La puissance de la Croyance. Choisir quoi croire. Après cette première étape, le Deuil de la Vérité, puis la seconde, la connaissance du processus de création de croyance et de ses biais afin de savoir choisir en conscience les croyances pour lesquelles il opte et identifier pour évaluer celles qu’il avait admises implicitement ; vient naturellement ensuite le niveau suivant, où la fluidité de croyance permet l’apparition de systèmes efficaces, puissants dans leur adaptabilité, et où l’hypnotiseur chevronné devra alors garder en lui l’étincelle de savoir que ceci reste un système, même si préférentiel, pouvant laisser place à d’autres au besoin. Alors, enfin, au niveau meta apparaît la croyance sur le système de croyances, qui tend à devenir réalité et ici se cogne à une limitation, la vraie question : « Est-il possible de tout Croire ».
La réalité, les souvenirs, sont au final des constructions sensorielles et représentatives pour interagir avec la réalité. Elles sont en quelque sorte les hallucinations les plus efficaces pour répondre au sens « interaction avec l’environnement et partage d’une réalité commune avec ses pairs ». Si est choisie la croyance « j’ai une bonne étoile », risque-t-elle de se cogner à la réalité d’une prise en otage lors d’un voyage dans un pays en conflit politique ? A quel moment la croyance peut-elle se heurter à la réalité ?
«Je sais voler ».
Dans cette zone où la croyance en vient à prendre le risque de se heurter, certains redoubleront de scepticisme pour éviter les chocs. D’autres invoqueront la nécessité de croire plus. Tout se passe alors comme si ce territoire où Choisir De Croire rencontre le Risque de Choc avec la Réalité, devenait le lieu d’une épreuve, d’un « Saut ». Le Saut dans la Foi.
Conclusion
L’Hypnotiseur est un jongleur de croyances, il danse joue et tourne avec elles et celles des autres pour en agencer l’histoire qui permettra la fonction, le sens, la résolution qu’il désire au final.
Aux limites de ce jonglage pour lui, se situent certaines interactions au Réel. Lorsque ce celui-ci ne se forge plus par la croyance optée pour le modifier. Si choisir de croire permet de libérer l’homme de sa condition et d’inscrire dans le Vrai, parfois c’est ce dernier qui vient à poser ses limites aux croyances comme un point dur auquel elles doivent s’agencer. Où Rêve et Réel se rencontrent, quelque-chose est Révélé.
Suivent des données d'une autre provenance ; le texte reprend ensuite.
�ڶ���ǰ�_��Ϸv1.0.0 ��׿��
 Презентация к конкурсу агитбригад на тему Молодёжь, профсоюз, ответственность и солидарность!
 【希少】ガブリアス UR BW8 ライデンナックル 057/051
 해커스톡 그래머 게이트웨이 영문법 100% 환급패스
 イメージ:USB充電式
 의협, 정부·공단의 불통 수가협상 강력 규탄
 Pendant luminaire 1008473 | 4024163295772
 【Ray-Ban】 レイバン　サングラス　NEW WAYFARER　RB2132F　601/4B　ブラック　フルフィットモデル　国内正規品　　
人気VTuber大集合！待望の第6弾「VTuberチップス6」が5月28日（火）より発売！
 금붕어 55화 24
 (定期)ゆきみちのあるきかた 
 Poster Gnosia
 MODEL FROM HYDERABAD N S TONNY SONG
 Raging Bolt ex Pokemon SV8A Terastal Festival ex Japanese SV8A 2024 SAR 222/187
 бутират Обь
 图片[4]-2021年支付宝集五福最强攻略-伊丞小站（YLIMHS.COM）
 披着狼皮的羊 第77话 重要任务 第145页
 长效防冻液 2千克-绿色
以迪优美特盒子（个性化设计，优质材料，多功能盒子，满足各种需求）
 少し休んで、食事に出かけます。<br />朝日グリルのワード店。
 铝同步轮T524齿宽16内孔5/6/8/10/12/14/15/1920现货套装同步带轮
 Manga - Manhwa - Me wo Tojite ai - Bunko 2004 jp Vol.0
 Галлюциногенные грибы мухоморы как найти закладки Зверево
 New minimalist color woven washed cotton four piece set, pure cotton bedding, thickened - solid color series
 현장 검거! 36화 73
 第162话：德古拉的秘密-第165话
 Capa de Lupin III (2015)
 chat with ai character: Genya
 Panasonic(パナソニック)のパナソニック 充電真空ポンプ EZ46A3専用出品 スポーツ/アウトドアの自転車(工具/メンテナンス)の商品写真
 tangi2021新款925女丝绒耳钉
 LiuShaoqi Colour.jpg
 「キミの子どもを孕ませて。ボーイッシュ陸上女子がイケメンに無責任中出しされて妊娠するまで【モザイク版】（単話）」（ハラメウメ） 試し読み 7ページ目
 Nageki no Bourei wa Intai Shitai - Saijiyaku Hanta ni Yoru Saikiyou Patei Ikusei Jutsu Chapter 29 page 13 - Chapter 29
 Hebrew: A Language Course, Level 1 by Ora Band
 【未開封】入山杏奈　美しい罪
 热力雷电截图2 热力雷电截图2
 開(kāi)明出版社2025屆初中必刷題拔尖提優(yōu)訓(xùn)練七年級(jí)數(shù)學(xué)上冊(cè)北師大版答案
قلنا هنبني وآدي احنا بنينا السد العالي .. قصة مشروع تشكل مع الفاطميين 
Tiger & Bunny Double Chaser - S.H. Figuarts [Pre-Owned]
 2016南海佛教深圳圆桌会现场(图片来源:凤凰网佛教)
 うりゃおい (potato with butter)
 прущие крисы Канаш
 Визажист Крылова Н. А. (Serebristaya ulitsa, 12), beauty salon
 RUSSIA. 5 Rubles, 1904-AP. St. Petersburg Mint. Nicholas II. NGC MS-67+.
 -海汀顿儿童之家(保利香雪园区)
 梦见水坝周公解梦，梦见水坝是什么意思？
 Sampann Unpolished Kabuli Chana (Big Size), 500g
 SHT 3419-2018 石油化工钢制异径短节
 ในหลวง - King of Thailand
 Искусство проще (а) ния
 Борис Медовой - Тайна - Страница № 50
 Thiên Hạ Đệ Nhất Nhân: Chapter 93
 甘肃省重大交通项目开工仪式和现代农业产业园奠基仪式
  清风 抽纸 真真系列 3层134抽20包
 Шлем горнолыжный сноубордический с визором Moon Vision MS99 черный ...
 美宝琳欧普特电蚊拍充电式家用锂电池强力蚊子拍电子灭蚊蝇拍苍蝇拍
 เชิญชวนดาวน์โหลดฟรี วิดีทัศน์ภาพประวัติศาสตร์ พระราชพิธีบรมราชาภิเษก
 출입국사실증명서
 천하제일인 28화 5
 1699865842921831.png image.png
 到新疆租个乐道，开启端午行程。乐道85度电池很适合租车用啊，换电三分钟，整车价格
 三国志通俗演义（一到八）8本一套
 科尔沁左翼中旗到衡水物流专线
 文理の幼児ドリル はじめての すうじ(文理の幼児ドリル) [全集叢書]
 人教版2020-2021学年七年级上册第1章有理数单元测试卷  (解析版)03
Entre les choix de croyances sécurisés et la prise de risque de leurs implications, se trouve la zone de Foi dont il relève de chacun en son âme et conscience de choisir ou non d’en être l’explorateur. Le Saut dans la Foi constitue alors la limite du système de choix d’adaptabilité à tout type de croyances, et un pas pour l’Hypnotiseur dans un domaine au-delà de celui prétexte dans lequel il exerçait.